I only heard half of what she said, because the whole time our farcical exchange lasted I could smell my coffee fields burning. I saw Willem Gongrijp give a little shudder of glee at each gust that came our way. He is the self-appointed master of ceremonies, while everyone knows he cannot wait for me to croak so that he can get his hands on my land. With him on the committee there is no need for a wicked fairy. I answered their questions with due civility, but when I finally got rid of them, the sense of time running out weighed heavily in my room. I crossed the river and sought eternity in Wayeng's lap--twice in fact--but there is no love strong enough to deflect me from my thoughts.
I left her embrace in the night. I needed fresh air. Aquasi Junior, who lay beside us, woke up and wheedled for attention. So as not to disturb Wayeng I took my son outside. We sat together for a while, until he fell asleep with his head on my knees. Not being used to this, at first I hardly dared move. Now and then, however, I had to shift my position because my muscles had become stiff. He did not seem to notice. He turned over and lay sprawled on his back, utterly serene. I brought my hand to his face and traced the contours without touching him. After a while I became bolder and stroked his hair. It is soft and loosely curled, quite unlike mine. I stroked it again and could not stop. I was brimming with love. The sky was overcast, but now and then the moon emerged to show me a glimpse of his face.
My son is nine years old. I am in my seventy-third year. By the time he leaves school I will be seventy-six. By the time he falls in love . . . I will not live to see him a grown man. (I would wish him to study at Delft in Holland, but funds are low. I think I shall write another letter to our young queen, informing her of my plans.)
I am too old. I do not even know whether my children see in me a father or merely a kindly old man who visits their mothers from time to time. That is the price one pays for having postponed happiness for so long.
There I sat with my child. I was seized by the notion that one day he will want to know what sort of man his father was. I cursed Adeline Renselaar. It is because of her poking about in my past that I am beset by such thoughts.
20 February
It was still night when I returned to my house. I sought out the boxes that I had secluded in a safe place. Not safe enough. I have often considered burning all these letters and notebooks, but could never bring myself to part with them. They are all I have left to remind me of the other men I have been.
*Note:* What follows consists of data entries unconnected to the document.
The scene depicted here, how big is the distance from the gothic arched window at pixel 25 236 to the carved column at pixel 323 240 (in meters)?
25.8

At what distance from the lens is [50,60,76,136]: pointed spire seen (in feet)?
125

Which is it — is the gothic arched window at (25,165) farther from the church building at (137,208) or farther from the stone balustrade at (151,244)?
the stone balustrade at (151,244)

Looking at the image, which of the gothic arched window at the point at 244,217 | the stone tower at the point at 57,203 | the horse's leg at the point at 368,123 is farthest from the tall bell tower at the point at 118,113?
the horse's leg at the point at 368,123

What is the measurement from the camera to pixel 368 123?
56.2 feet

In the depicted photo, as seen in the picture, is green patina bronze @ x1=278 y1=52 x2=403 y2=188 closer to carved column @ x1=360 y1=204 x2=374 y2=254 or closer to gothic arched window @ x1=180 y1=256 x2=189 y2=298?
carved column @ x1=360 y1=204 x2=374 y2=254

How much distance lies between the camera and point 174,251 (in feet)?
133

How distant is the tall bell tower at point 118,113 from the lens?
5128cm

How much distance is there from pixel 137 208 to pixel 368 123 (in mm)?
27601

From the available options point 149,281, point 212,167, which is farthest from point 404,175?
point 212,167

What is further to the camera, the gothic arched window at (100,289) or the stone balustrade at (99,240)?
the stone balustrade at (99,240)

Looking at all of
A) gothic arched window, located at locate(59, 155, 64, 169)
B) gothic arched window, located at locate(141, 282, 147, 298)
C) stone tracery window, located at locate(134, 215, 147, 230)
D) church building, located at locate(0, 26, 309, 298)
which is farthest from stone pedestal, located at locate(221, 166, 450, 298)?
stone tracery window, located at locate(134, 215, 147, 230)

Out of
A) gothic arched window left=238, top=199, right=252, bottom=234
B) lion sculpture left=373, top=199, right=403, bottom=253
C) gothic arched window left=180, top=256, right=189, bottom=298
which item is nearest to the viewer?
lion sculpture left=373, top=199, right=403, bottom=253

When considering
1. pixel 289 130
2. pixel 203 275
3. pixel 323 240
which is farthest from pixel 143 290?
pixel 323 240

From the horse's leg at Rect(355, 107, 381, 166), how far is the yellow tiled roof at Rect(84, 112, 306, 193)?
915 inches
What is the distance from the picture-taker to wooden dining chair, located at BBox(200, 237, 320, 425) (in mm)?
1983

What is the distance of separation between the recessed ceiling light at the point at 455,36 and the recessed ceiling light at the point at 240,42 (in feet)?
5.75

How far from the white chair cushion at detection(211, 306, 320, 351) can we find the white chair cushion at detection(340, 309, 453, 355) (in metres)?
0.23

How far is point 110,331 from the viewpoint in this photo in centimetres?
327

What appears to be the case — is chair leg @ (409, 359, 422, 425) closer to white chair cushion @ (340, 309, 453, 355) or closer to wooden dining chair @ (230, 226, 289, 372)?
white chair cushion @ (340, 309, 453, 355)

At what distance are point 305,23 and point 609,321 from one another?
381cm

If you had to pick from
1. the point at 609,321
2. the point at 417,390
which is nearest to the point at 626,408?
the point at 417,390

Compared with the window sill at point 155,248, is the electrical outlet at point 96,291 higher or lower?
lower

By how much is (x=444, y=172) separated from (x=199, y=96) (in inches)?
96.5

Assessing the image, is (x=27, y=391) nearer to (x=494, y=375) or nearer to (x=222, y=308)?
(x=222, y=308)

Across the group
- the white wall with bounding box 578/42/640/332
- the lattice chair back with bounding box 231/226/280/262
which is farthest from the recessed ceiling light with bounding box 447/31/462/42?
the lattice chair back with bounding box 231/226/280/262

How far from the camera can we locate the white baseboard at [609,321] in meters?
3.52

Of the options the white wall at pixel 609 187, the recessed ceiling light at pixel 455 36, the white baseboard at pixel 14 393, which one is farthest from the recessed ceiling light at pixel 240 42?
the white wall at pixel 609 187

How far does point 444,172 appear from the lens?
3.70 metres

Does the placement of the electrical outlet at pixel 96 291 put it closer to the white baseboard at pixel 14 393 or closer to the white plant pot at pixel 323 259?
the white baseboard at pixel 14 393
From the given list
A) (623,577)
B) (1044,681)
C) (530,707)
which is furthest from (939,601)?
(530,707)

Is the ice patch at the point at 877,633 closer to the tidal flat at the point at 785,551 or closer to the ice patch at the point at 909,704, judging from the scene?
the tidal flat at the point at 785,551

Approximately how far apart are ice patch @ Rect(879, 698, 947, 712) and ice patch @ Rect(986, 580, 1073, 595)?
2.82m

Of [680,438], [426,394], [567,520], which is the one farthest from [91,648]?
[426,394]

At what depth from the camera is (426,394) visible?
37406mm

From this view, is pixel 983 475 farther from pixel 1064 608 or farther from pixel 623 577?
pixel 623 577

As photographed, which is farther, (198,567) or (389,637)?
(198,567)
Just before daybreak I felt the need to relieve myself. I was already holding the chamber pot when something in me rebelled. I stared at the hairline cracks in the Delftware and felt utterly out of place in the darkly panelled room with its velveteen curtains. I set off for our small outdoor washroom, but halfway there I changed my mind and made for one of the trees, opened my clothing in the open air, which gave me a childish thrill, and let my water splash against the trunk. For the first time in years I noticed the impudent croaking of the frogs, although it is never absent. I stooped to see the foam blister and sink among the roots, first dark, then silvery white in the gloaming. It was a signal for butterflies, and a few minutes later the place was teeming with them.
It is of course improper to relieve oneself against trees, at any rate once one's student days are over. In fact I never do so in the open. Never. I leave that to the natives. But this morning I was overcome by an indomitable urge. Oddly enough I felt no shame.
The sapling that served as my urinal is not a native species. It came from a consignment of seeds, fruits, plant cuttings and rootstocks I ordered from the Gold Coast. The greater part of the consignment was lost to the rains. But this shoot was willing. The tree it came from is not overly delicate, and will adapt to any environment. It is the tree that was called kuma by us, in the kingdom of Ashanti. There, I believe, it was common practice to relieve oneself against trees. I have no recollection of any embarrassment.
The story of the tree is, in brief, as follows: One day Osei Tutu cut two branches off the kuma tree. He planted them in the earth, at some distance from each other. One cutting adjusted well to its surroundings, sending down roots in the soil--asi in the Twi language. It sprouted buds and bore fruit. The other cutting shrivelled and died. Osei Tutu founded his capital of Kumasi, seat of the mighty Asantehene of Ashanti, at the foot of the thriving kuma tree. Kuma-asi, the soil under the kuma, is my native soil.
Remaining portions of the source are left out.